A/N: I planned on this being a one-shot but I'm having trouble thinking up ideas for other stories and one that keeps coming back to me is an idea for this one. So tell me if you would rather it remained a one-shot, and I'll rethink it.
Disclaimer: I don't own anything really. Especially not Harry Potter. But I do have all the books.
Dear Hermione,
So you're gone. Every hope and wish of mine, ripped from under me. That's it. You're gone. And I'm too afraid to admit it, but I know it's my fault.
You know that Muggle bubble mix? It's so fragile, and the bubbles break so easily. Well I feel like I was floating in one of them.
Every look you gave me made my heart soar, made me feel like I was flying. And now you're gone.
I wish I'd told you, before now. Told you how you made me feel, how much I wanted you, needed you. But you have to understand, you had him!
I know it seemed immature of me, but there was a reason I never spoke to Fred after he got together with you. Couldn't you see that it wasn't just because you were my friend?
How long had I been in love with you without you knowing?
Remember the Yule Ball, and my jealousy? That was when I realised. And now I'm in love with someone who will never smile at me or scold me or patronise me again. Never again. Because you're gone.

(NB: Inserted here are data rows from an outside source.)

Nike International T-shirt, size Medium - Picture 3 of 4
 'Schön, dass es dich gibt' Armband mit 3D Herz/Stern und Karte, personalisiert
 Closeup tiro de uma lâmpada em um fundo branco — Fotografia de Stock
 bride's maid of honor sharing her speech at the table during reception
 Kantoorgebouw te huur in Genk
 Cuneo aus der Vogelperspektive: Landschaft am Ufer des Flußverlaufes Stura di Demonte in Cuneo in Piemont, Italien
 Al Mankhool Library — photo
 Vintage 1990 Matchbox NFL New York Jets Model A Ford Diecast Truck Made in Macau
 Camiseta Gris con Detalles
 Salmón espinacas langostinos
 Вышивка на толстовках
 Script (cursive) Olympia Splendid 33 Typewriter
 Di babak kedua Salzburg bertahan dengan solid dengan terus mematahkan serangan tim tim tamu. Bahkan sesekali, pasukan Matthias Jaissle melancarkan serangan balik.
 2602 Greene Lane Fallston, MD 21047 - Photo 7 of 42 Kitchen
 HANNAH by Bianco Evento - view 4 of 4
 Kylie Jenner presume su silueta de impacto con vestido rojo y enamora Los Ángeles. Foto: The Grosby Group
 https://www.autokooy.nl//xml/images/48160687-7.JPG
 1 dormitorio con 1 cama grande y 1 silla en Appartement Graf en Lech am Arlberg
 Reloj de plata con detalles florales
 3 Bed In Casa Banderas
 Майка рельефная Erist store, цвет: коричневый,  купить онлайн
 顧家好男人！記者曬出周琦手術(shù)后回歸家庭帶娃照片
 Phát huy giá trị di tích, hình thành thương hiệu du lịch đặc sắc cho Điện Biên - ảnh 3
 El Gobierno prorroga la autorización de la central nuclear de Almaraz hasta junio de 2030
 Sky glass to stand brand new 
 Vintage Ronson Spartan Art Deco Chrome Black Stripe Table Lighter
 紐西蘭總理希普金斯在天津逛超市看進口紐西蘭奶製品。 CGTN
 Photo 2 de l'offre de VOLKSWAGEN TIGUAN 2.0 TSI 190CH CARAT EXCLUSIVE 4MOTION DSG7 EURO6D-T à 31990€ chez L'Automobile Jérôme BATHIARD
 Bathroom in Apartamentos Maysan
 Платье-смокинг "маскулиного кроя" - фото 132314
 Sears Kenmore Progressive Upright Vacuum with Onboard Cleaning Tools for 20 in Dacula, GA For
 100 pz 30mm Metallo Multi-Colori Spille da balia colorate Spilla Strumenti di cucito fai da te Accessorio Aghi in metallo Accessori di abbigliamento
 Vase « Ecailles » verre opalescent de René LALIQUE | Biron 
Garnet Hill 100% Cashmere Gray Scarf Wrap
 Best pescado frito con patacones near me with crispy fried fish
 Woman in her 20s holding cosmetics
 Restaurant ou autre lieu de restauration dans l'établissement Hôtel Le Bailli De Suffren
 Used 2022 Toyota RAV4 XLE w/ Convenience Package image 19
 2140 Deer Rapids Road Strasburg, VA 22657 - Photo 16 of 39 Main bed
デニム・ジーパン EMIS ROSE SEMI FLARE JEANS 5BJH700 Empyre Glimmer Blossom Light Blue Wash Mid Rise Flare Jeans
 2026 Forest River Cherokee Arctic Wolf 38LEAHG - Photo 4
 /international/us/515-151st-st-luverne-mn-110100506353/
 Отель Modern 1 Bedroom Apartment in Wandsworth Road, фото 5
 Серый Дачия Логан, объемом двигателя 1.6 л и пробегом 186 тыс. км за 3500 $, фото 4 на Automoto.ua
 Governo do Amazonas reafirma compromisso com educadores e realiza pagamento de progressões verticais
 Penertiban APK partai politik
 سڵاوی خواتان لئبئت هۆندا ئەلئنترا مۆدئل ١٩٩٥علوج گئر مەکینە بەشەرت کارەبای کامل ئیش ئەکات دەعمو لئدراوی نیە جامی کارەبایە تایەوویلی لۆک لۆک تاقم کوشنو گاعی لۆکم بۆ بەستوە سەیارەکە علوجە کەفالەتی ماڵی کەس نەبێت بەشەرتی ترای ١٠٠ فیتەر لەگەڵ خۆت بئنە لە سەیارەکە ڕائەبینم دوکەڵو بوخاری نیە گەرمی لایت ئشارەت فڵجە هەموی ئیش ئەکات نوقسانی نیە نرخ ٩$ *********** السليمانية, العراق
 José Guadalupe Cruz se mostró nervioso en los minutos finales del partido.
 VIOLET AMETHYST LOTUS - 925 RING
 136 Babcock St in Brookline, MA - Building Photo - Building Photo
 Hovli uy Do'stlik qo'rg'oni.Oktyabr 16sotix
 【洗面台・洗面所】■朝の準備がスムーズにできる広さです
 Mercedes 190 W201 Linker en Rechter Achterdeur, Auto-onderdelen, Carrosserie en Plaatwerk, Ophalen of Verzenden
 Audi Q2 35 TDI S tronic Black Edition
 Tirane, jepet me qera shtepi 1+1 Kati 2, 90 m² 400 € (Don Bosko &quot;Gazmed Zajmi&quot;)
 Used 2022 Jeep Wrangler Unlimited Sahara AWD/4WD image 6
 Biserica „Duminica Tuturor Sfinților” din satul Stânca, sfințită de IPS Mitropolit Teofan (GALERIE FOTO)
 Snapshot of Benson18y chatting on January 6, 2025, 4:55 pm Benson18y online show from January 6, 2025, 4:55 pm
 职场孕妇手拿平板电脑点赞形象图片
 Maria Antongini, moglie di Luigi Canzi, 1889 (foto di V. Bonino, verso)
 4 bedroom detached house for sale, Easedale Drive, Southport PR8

I know it sounds stupid, but sometimes I feel like my heart does beat only for you. Every day seems so pointless now. And it's my own fault.
I can't believe what I did. It's too horrible to say, really.
I can't believe how it feels, that someone you love so much was miserable enough to take her own life, to end her existence with me on earth. The world hates me!
Believe me I didn't mean for it to be like this. I didn't mean for it to happen! You were only meant to stop loving him! Nobody was meant to die.
There's no potion to bring you back. Funny, there seems to be one for everything else.
Even one to make someone fall out of love.
There, I wrote it.
I slipped it in your drink, so that you wouldn't love him anymore, so that I could make you love me. I didn't mean for anybody to die. But I killed my own brother.
I KILLED MY OWN BROTHER!
And now my best friend is dead too, and the only girl I care about.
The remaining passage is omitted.